Desmoteplase Extends Stroke Treatment Window


BALTIMORE — The investigational drug desmoteplase combined with imaging to identify appropriate patients could push the treatment opening beyond 3 hours for some patients with acute ischemic stroke, according to Dr. Anthony Furlan, section head of stroke and neurologic intensive care at Cleveland Clinic.

“Even though intravenous tissue plasminogen activator has been an enormous breakthrough in stroke therapy, 95% of patients don't get treated with it,” Dr. Furlan said at the annual neurocritical care and stroke conference sponsored by Cleveland Clinic. “[W]e're not going to be treating lots of patients if we're confined to a 3-hour drug. An estimated 80% of stroke patients don't get to the hospital within the first 3 hours after onset.”

Animal trials have shown that desmoteplase—a plasminogen activator derived from vampire bat saliva—may be a better treatment option for acute stroke than is tissue plasminogen activator (TPA) for several reasons. Desmoteplase is not neurotoxic, and it does not activate β-amyloid, unlike TPA. In addition, desmoteplase has a long half-life, which allows for bolus injection. “That's useful for dosing control,” said Dr. Furlan. In animal models, desmoteplase also has been associated with fewer hemorrhages than has TPA.

The Desmoteplase in Acute Ischemic Stroke (DIAS) and the Dose Escalation Study of Desmoteplase in Acute Ischemic Stroke (DEDAS) trials were the first acute stroke thrombolytic trials to select patients for treatment after 3 hours based on perfusion imaging. Dr. Furlan was the principal investigator for the DEDAS trial. Desmoteplase is being jointly developed by Forest Laboratories Inc. and Paion AG.

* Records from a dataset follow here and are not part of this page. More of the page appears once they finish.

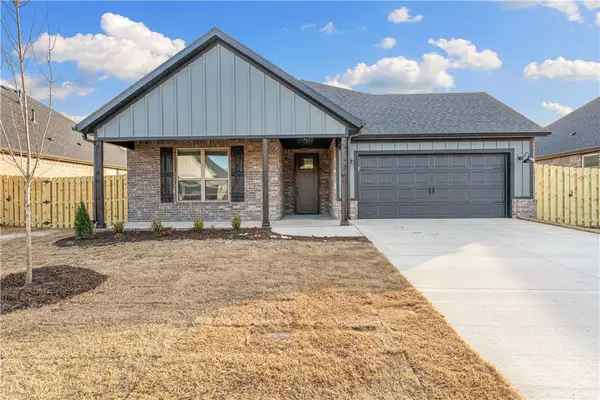 1913 N Edwards Street, Pea Ridge, AR 72751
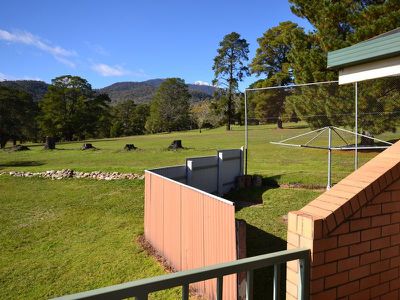 1 / 25 Fairway Avenue , Mount Beauty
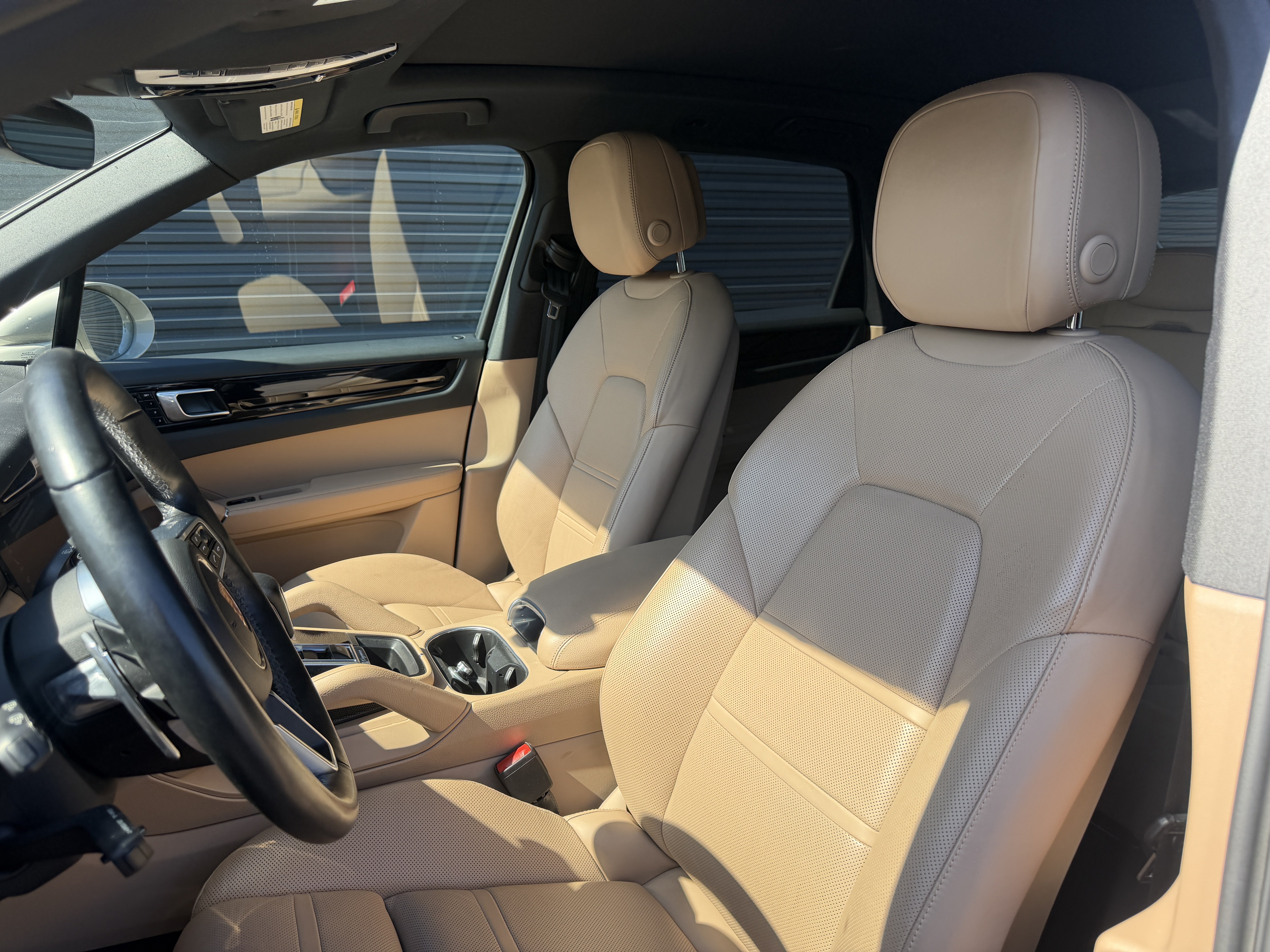 Used 2020 Porsche Cayenne AWD/4WD image 5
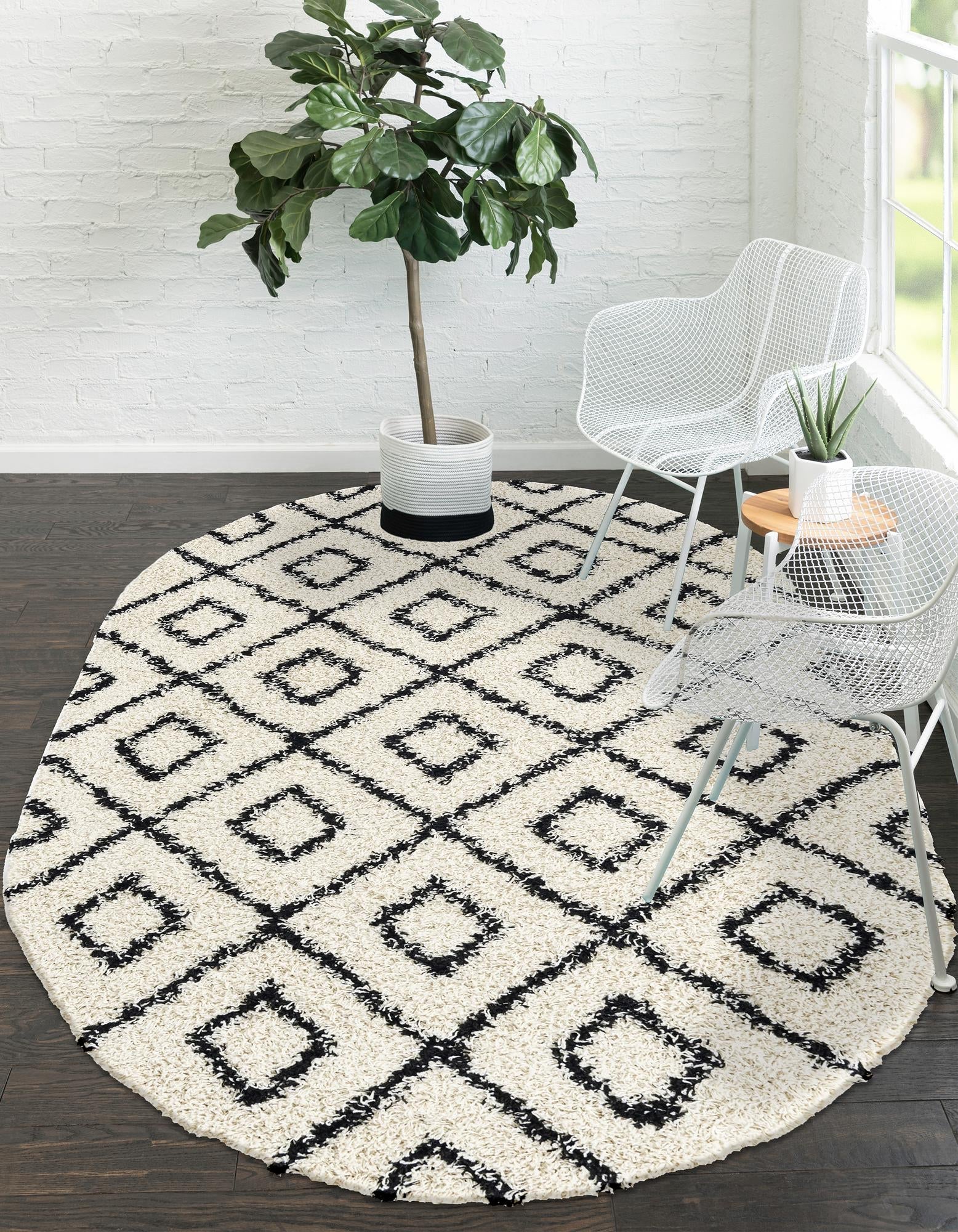 Trellis Haven Collection Area Rug - Soho (White and Black)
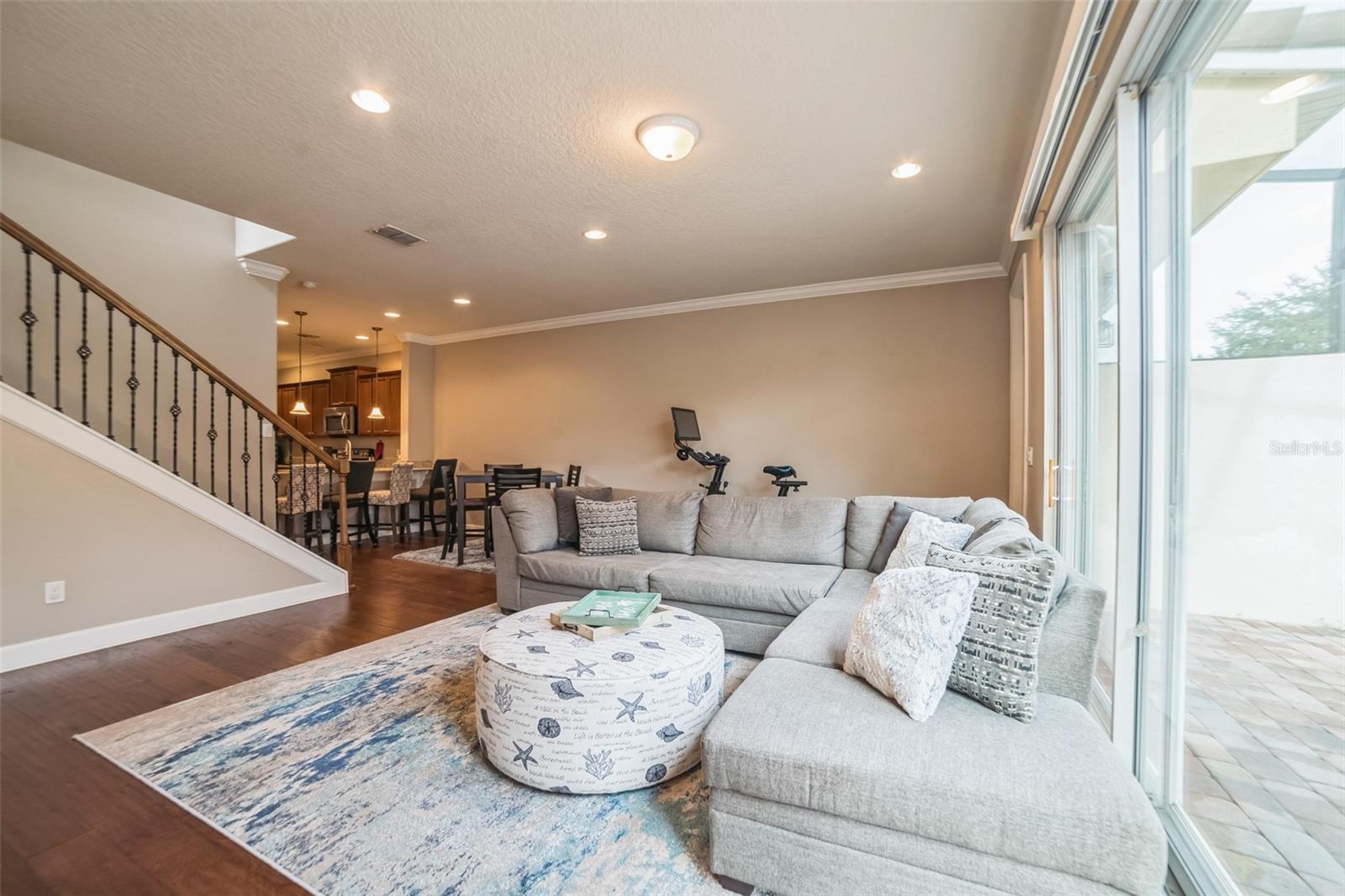 12129 BREDA LN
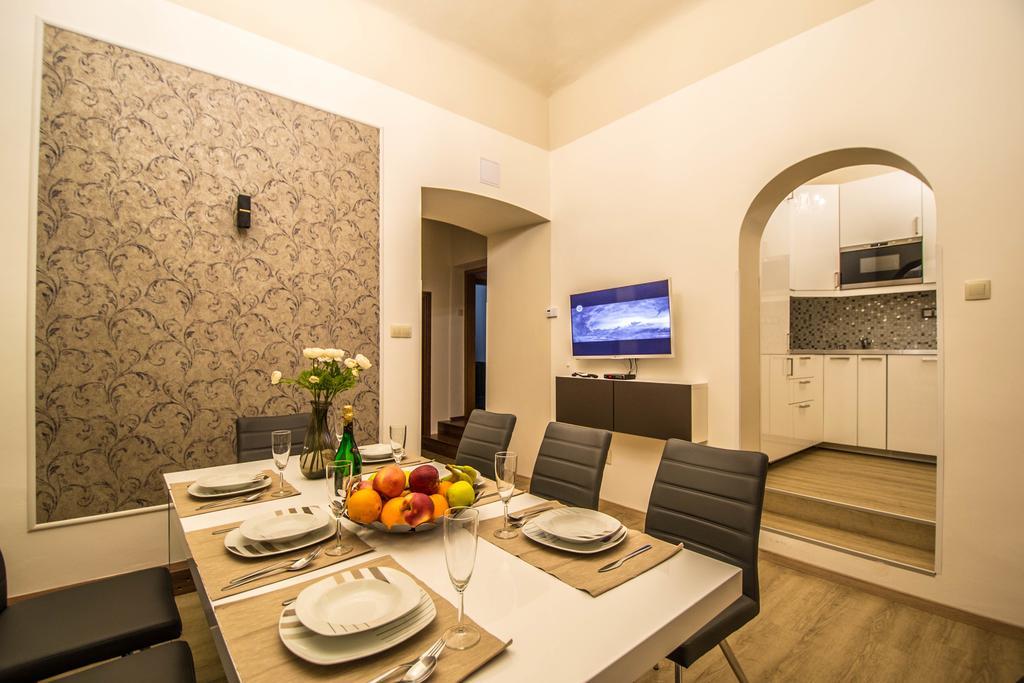 4Bdr Historical Spirit Apt By Ruterra Praga Esterno foto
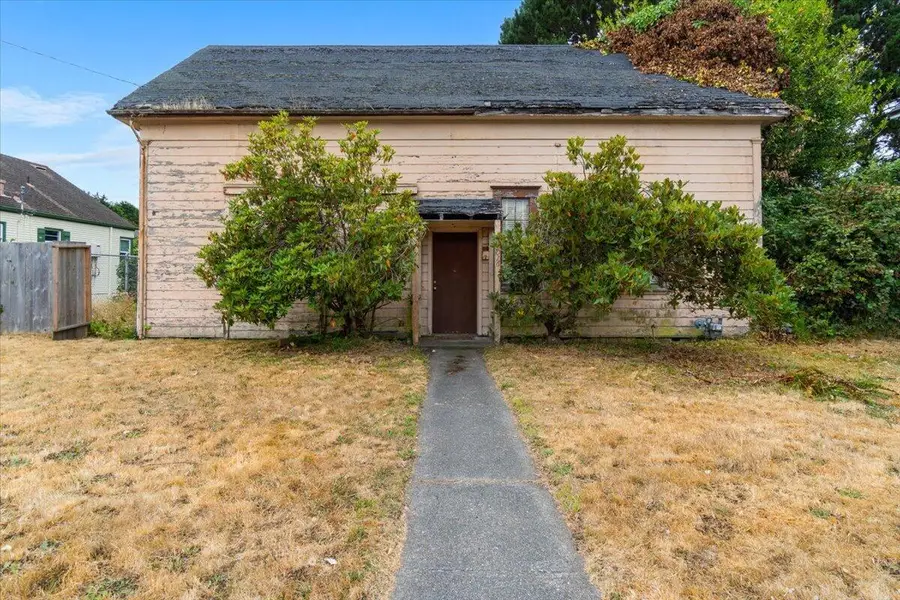 1016 G Street, Eureka, CA 95501 - #2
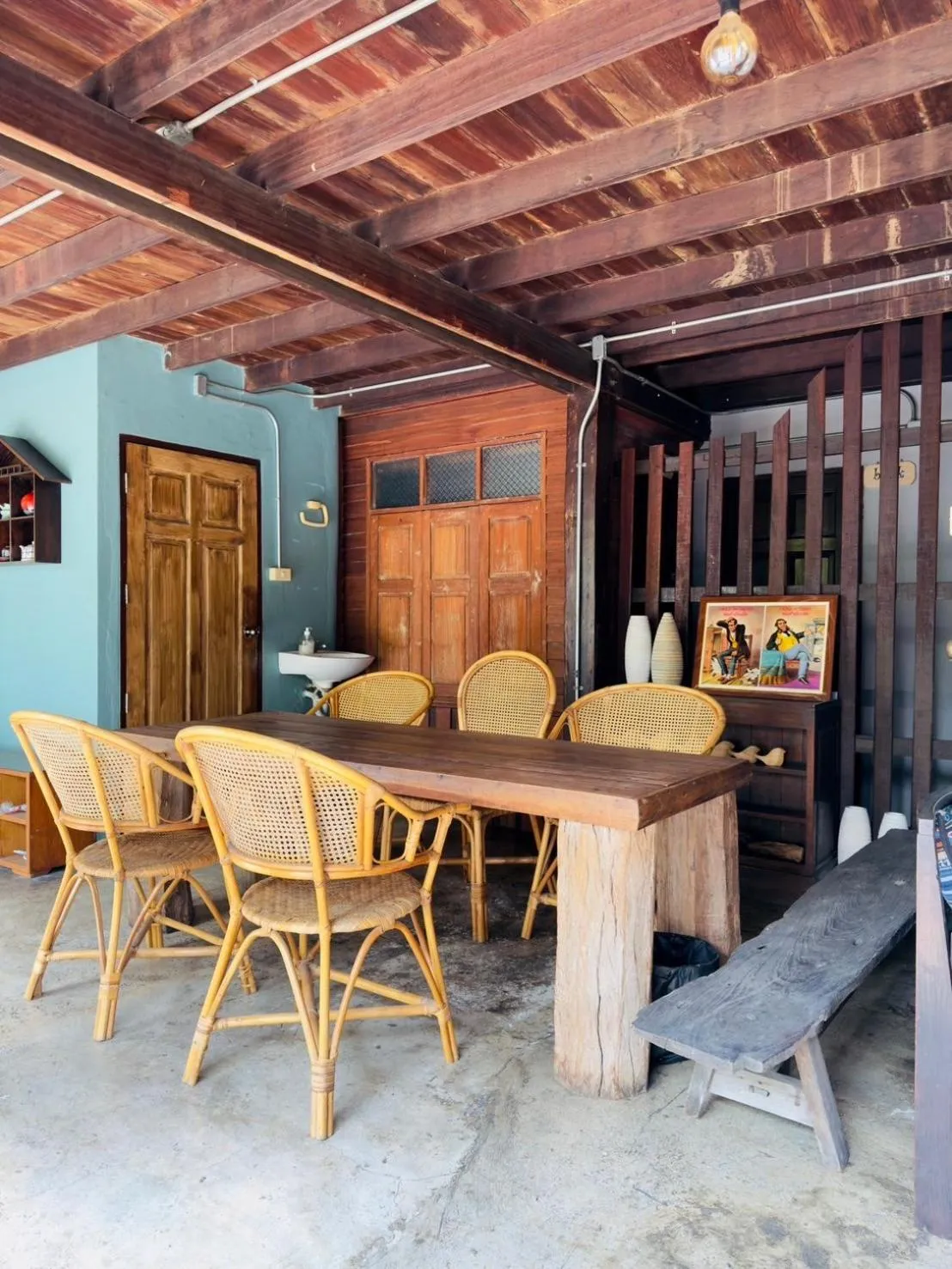 Seating area in Mi Casa Thaphae Chiang Mai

Enrollment in the DIAS and DEDAS trials was limited to patients who had stroke onset within 3–8 hours and had a 20% perfusion-diffusion mismatch on baseline MRI. Reperfusion was defined as a 30% or better improvement in mean transit time on perfusion MRI or an improvement of two thrombolysis in myocardial infarction (TIMI) flow grades.

In an unpublished pooled analysis of both trials, none of the 35 patients who received placebo or the 30 patients who received 125 mcg/kg desmoteplase (as bolus) had symptomatic intracranial hemorrhage. Only 1 of the 29 patients (3.4%) who received 90 mcg/kg desmoteplase (as bolus) had symptomatic intracranial hemorrhage.

Mortality was 5.7% for the placebo group, 6.9% for the 90 mcg/kg desmoteplase group, and 3.3% for the 125 mcg/kg desmoteplase group. In addition, perfusion at 4–8 hours (based on MRI) was closely linked with clinical outcome at 90 days, with patients in the 125 mcg/kg group having the best results.

Based on a Rankin scale shift analysis of pooled data from the two trials, “at the 125-mcg dose—with a very small number of patients—we had a statistically significant clinical benefit, defined by improvement in Barthel [index], modified Rankin [scale], and NIH [stroke scale],” said Dr. Furlan.

For the 125-mcg dose, at 3 months there was a “statistically significant Rankin shift, meaning that we saw a positive benefit across the whole spectrum of the modified Rankin scale,” said Dr. Furlan.

“Is the drug alone sufficient? Well, my thinking is no. We have to combine the drug with proper patient selection,” he said. Imaging appears to be key to identifying patients who will benefit.

In the Diffusion-Weighted Imaging/Perfusion-Weighted Imaging Evaluation for Understanding Stroke Evolution (DEFUSE) pilot study, researchers attempted to determine if baseline MR images can identify stroke patients who have a good clinical response when treated 3–6 hours after symptom onset.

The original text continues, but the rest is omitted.